Start of PROVIDED RECORDS
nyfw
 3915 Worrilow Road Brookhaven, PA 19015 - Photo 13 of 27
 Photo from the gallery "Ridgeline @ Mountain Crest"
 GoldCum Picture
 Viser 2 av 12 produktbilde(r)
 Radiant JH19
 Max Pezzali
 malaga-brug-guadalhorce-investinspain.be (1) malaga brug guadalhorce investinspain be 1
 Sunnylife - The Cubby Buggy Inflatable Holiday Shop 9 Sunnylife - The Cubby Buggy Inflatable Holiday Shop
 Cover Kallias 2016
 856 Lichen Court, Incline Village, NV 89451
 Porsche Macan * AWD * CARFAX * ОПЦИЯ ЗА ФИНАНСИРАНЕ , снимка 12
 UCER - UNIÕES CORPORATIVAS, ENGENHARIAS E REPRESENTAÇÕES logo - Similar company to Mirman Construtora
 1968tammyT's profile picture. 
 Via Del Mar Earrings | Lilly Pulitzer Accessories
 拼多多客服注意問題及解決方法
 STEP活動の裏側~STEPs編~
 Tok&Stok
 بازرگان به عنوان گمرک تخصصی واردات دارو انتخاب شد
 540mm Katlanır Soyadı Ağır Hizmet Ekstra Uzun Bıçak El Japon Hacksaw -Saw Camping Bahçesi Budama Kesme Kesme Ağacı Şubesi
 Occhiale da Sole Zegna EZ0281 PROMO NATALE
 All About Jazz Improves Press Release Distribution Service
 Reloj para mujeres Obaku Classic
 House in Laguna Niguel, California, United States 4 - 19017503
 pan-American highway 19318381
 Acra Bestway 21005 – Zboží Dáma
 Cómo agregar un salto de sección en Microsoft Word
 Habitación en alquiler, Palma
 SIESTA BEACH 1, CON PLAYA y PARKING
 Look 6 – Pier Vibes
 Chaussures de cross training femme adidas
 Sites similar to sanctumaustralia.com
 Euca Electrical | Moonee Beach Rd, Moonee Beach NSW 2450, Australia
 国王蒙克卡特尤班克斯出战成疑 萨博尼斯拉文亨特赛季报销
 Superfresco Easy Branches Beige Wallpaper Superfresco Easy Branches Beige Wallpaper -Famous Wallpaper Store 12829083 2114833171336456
End of PROVIDED RECORDS
ASSIGNMENT
Retype exactly the lines of the data above, starting at its first line and finishing with the line that has "بازرگان به عنوان" in it.

ANSWER SECTION
nyfw
 3915 Worrilow Road Brookhaven, PA 19015 - Photo 13 of 27
 Photo from the gallery "Ridgeline @ Mountain Crest"
 GoldCum Picture
 Viser 2 av 12 produktbilde(r)
 Radiant JH19
 Max Pezzali
 malaga-brug-guadalhorce-investinspain.be (1) malaga brug guadalhorce investinspain be 1
 Sunnylife - The Cubby Buggy Inflatable Holiday Shop 9 Sunnylife - The Cubby Buggy Inflatable Holiday Shop
 Cover Kallias 2016
 856 Lichen Court, Incline Village, NV 89451
 Porsche Macan * AWD * CARFAX * ОПЦИЯ ЗА ФИНАНСИРАНЕ , снимка 12
 UCER - UNIÕES CORPORATIVAS, ENGENHARIAS E REPRESENTAÇÕES logo - Similar company to Mirman Construtora
 1968tammyT's profile picture. 
 Via Del Mar Earrings | Lilly Pulitzer Accessories
 拼多多客服注意問題及解決方法
 STEP活動の裏側~STEPs編~
 Tok&Stok
 بازرگان به عنوان گمرک تخصصی واردات دارو انتخاب شد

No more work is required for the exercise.